The Tesla was swankier, but in almost every other way the cars were comparable: Like the Model 3, the Bolt went more than 200 miles on a single charge and was priced at around $35,000 before government rebates. Technology experts gave the Bolt rave reviews, including Motor Trend, which declared it the 2017 Car of the Year. By the end of 2017, GM was looking very good indeed — it had sold about 24,000 Bolts, 13 times the 1,764 Model 3s sold by Tesla.
But in 2018, the first full year in which both vehicles were available, the competition flipped: Tesla sold almost 146,000 Model 3s, while GM delivered just 18,000 Bolts. It was not only a complete drubbing by Tesla, but a 23% drop from the Bolt’s 2017 sales, which, with the benefit of a year, looked like a low bar. Since then,Tesla has sold more than a half-million Model 3s, while Bolts have yet to again reach even their 2017 numbers.
This Tuesday, GM announced a $2 billion all-stock deal to own 11% of Nikola, an electric truck startup mimicking Tesla’s name and model. GM will engineer and build the Nikola vehicles, starting with its Badger pickup, effectively from the ground up. The nerve center of the Nikola pickups — the battery — will be the GM Ultium, a first-rate system that appears to be state of the art (with the caveat that Tesla’s Battery Day is still two weeks away).
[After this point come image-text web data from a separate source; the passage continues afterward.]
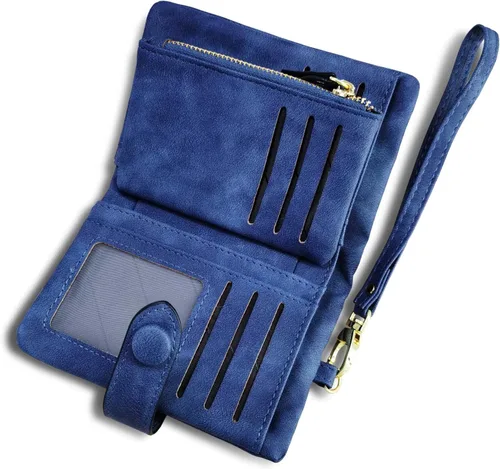 Miniatura 13 de AOXONEL Women's Small Bifold Leather wallet Rfid blocking Ladies Wristlet with Card holder id window Coin Purse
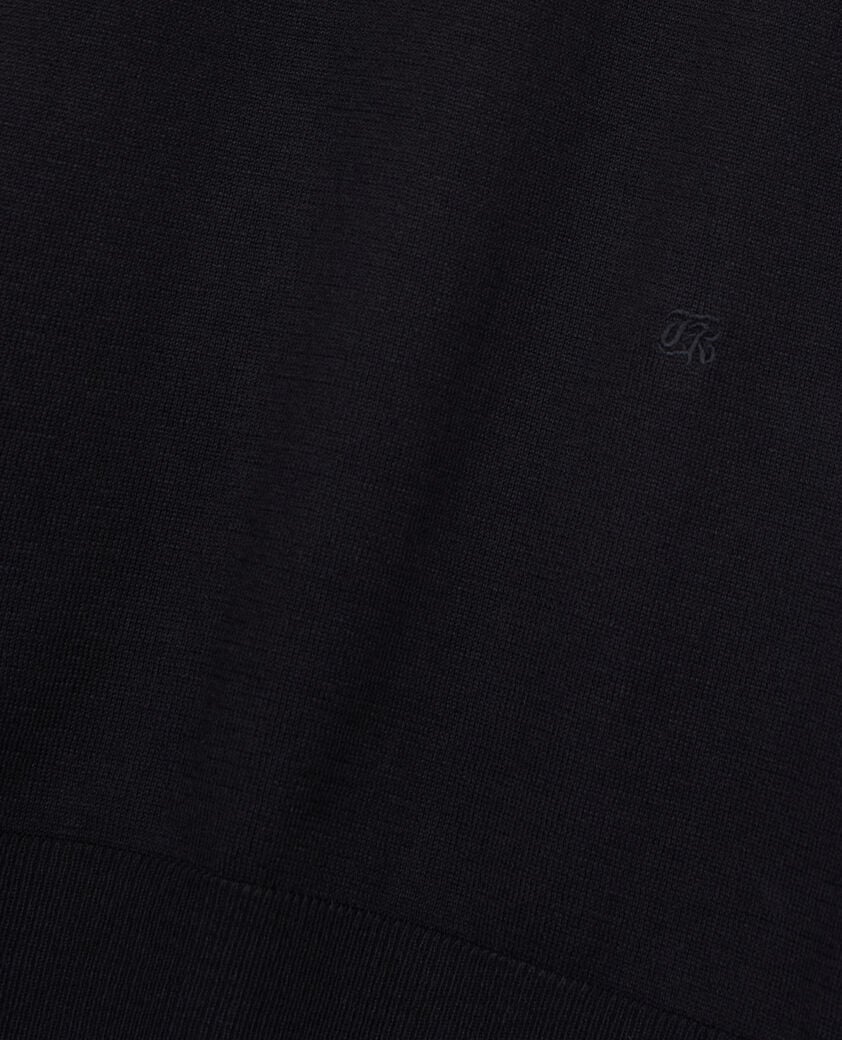 The Kooples MEN BLACK black mesh polo shirt with zipped neck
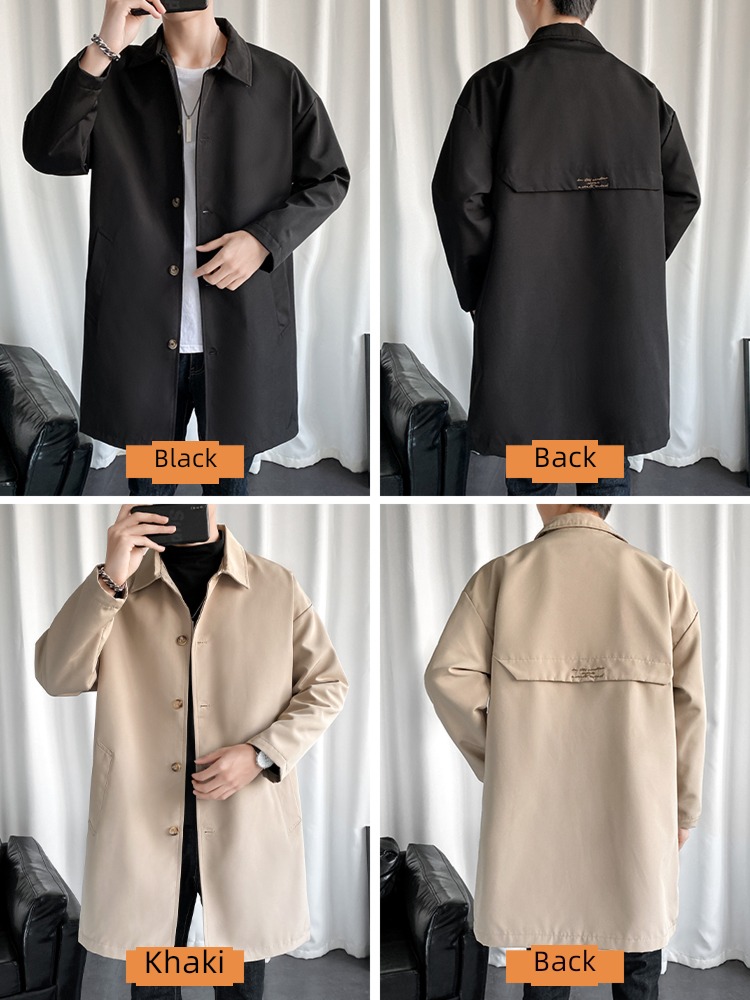Romon Medium and long term Spring and Autumn handsome leisure time Windbreaker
The tie-up sent Nikola’s shares surging by 51% and GM’s by 10%. Credit Suisse called it “a crucial validation datapoint on the GM EV strategy.” Barclays crowed that, given Wall Street’s ho-hum appreciation thus far of GM’s EV chops, marketing its know-how to other automakers was the way to go. But it was Wedbush that better understood what was going on. In its own note to clients, it called the news “a potential game-changing deal” — for Nikola.
For those unfamiliar with GM’s history: With the iconic Corvette, it popularized the mainstream sports car. With the Camaro, it also made fast and sporty cars a family purchase. In short, GM has a daring spirit buried somewhere deep in its DNA. That is what the Bolt (and its hybrid predecessor, the Volt) were all about — recapturing the glory days.
The deal with Nikola, conversely, is an embarrassing show of insecurity, a demonstration that GM does not believe in itself. This lack of confidence is apparent in GM’s failure to stand up tall and promote its own creations. GM CEO Mary Barra said the deal with Nikola is “the beginning of unlocking the value that’s within this company.” But the true value of GM’s value is in its vehicles — its electric Cadillac, to come out later this year, and even more important, its electric Hummer, due for delivery late next year — and not being the enabler of its rivals.
By trading on Thursday, GM’s share price dived, closing down 9% from the early surge at $30.17, just over its pre-deal $30 a share. Nikola, too, had plunged by 30% over two days, to $37.57, hovering just over its own pre-deal share price of $35.55 — a sign of the market catching up to the likelihood that this deal probably won’t end well for either company.